The later pairings of the day appear to score better with Jordan Spieth leading the field by two shots. Having been visited by severe misfortune a couple of years ago when he twice fell into Rae’s Creek (one of the four praetorian guards of the 12th hole pivot of Amen Corner, the others being strategically placed bunkers, the inviting Azalea beds just beyond and of course a narrow, lateral running green) he knows that there are 54 more holes to play and anything can happen. Ian Poulter would agree as, having scored an unsatisfactory one over in the first round of the Houston Open a week ago, he ended up winning the tournament. Spieth knows not to get ahead of himself on this course as, although he is looking tough to beat, there is sufficient history of huge leads evaporating with just a wayward shot or two.
Before the start of play, the odds on Tiger Woods had already shifted with Jordan Spieth being the new favourite with the bookies. That position has only been further underlined with Spieth now being the firm favourite after his 66 and Woods being relegated to 20:1 with many of those in red numbers in between. As expected, there is a huge bunching of extraordinary talent within four shots of the lead. Rory McIlroy is looking very, very good and focused to complete his tryst with destiny to join the very few who have won a career grand slam. I guess his next ambition would be to win a “Tiger slam” which is to hold all four slam titles at the same time. Because of his prodigious length off the tee, his exciting courage and boldness, and his peaking at just the right time, he is the one to watch.
Matt Kuchar is looking exceptionally good in his usual understated way; he has often challenged at the Masters before and will be a serious contender this year as well. He, sort of, comes in a bit under the radar, and should he be a real possibility in the final nine, the shouts of “Koooch” from appreciative patrons will rend the air.
Last year’s champion Garcia is out of the race for sure (unless he shoots a record breaking 62 on the Friday and then repeats that on the weekend); Justin Rose who had lost to him in last year’s playoff, birdied the 18th to reach level par and to indicate his clear intent of rectifying last year’s Green Jacket being virtually ripped off his shoulders. And of course, Phil Mickelson is very much in the running for his own tryst with destiny.
Despite the fact that the playing conditions were sunny and perfect with not much wind, there were only 20 out of 87 players who shot under par. The greens were faster than during the practice rounds and the pin positions such that really low scoring was difficult. On Sunday they will be even more strategically located where precise placement of approach shots will be rewarded and anything even a foot or two off may drift 60-70 feet away into three putt territory.

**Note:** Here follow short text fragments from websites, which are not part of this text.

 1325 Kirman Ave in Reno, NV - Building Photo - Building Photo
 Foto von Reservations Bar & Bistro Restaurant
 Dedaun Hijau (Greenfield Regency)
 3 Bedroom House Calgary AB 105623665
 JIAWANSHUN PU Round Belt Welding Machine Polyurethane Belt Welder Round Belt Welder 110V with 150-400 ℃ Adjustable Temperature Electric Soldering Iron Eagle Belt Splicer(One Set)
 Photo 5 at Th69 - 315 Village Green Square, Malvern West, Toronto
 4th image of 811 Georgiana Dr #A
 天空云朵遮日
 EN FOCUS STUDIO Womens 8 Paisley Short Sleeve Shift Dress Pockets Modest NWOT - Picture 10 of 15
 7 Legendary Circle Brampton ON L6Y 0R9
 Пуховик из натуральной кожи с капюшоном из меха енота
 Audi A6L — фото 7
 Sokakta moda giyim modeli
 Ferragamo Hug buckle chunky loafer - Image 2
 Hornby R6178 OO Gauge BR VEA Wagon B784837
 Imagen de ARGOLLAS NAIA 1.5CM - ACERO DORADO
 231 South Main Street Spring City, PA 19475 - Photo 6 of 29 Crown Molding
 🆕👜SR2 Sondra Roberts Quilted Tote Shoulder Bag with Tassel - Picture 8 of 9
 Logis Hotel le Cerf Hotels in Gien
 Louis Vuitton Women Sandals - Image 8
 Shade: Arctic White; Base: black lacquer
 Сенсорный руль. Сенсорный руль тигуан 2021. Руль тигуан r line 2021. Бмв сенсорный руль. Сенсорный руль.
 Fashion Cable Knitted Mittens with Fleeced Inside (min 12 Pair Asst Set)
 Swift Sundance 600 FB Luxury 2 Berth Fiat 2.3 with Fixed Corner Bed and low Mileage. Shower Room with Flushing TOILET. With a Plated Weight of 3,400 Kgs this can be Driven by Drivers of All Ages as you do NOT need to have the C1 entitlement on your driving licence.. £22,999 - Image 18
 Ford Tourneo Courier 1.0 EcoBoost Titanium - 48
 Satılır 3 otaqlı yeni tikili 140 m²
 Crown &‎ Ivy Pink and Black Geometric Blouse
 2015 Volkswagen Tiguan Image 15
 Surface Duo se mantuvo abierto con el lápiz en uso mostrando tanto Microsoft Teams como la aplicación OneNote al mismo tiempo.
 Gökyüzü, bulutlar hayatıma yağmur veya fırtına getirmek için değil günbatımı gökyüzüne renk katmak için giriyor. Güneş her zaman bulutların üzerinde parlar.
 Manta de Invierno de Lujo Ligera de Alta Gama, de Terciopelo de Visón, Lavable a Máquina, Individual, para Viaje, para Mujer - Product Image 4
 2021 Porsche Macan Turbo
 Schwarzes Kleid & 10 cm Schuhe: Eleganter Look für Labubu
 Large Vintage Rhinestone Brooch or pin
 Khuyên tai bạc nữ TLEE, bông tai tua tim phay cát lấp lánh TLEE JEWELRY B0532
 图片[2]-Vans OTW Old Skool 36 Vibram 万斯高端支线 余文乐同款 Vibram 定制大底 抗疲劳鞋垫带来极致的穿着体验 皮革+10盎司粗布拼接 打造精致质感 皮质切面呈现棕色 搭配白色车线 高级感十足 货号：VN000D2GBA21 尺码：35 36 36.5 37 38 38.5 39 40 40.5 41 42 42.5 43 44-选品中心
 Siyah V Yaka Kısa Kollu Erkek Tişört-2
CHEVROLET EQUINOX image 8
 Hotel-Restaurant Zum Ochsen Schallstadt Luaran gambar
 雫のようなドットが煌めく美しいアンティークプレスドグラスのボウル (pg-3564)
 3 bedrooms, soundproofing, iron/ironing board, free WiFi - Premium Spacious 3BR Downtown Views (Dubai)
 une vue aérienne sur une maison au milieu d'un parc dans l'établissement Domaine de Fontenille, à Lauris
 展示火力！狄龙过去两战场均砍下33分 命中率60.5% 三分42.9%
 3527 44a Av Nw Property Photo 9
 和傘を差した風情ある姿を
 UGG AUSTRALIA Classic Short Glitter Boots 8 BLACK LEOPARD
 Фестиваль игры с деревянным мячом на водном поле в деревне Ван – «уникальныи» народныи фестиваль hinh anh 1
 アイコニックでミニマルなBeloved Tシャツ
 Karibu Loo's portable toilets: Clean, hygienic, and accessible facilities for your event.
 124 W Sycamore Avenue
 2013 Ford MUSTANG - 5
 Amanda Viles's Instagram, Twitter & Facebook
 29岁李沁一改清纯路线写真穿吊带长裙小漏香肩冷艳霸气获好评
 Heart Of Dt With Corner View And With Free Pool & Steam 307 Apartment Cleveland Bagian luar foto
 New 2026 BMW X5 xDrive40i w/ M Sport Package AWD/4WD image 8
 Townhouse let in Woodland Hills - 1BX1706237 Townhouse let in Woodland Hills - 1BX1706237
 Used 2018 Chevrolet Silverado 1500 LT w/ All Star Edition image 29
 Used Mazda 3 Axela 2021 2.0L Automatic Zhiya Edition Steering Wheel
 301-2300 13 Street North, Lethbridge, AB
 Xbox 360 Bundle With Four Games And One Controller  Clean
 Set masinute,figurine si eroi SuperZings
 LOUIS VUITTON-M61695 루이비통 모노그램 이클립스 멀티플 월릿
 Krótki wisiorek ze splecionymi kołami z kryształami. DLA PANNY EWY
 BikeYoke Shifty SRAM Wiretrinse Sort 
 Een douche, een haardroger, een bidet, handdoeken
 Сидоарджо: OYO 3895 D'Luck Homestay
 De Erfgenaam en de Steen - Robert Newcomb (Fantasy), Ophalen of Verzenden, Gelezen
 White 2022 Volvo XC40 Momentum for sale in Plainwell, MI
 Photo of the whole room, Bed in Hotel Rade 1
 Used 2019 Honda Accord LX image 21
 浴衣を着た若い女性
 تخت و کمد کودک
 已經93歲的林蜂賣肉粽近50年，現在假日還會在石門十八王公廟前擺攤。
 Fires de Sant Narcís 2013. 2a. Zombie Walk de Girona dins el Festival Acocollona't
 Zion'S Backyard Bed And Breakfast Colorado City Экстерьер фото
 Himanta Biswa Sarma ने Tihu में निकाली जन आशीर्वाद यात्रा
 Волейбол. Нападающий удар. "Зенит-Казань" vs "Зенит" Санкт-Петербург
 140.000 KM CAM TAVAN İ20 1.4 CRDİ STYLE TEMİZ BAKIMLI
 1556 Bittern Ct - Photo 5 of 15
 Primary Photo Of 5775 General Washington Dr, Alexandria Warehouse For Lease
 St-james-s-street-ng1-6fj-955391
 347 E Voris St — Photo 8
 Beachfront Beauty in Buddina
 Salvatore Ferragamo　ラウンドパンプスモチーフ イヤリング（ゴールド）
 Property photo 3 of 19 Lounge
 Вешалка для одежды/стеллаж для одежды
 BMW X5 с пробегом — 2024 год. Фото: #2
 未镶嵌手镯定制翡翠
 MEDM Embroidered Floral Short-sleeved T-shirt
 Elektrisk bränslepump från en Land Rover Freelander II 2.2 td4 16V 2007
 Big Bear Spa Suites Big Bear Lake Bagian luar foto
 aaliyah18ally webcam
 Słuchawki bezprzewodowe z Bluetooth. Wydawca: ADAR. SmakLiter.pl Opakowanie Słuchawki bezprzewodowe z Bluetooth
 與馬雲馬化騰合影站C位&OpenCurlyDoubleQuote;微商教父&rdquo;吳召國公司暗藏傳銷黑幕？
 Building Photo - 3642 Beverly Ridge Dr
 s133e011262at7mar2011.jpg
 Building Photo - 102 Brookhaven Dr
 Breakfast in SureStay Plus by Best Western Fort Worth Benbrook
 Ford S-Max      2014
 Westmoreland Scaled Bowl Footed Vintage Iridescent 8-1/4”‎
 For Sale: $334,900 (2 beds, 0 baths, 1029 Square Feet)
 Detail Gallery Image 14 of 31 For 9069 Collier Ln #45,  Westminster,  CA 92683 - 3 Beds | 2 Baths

The stage is being set by the puppeteers according to the script that is written by the ultimate dramatist. He (she) will weigh and measure each man’s worthiness and determine how the slings and arrows of outrageous misfortune might evade the selected winner. That gauntlet, through which all challengers must pass, is being prepared even as we retire for the night. The second act is tomorrow; there will be many side stories to the main one which will certainly exclude half this field. Wait and see.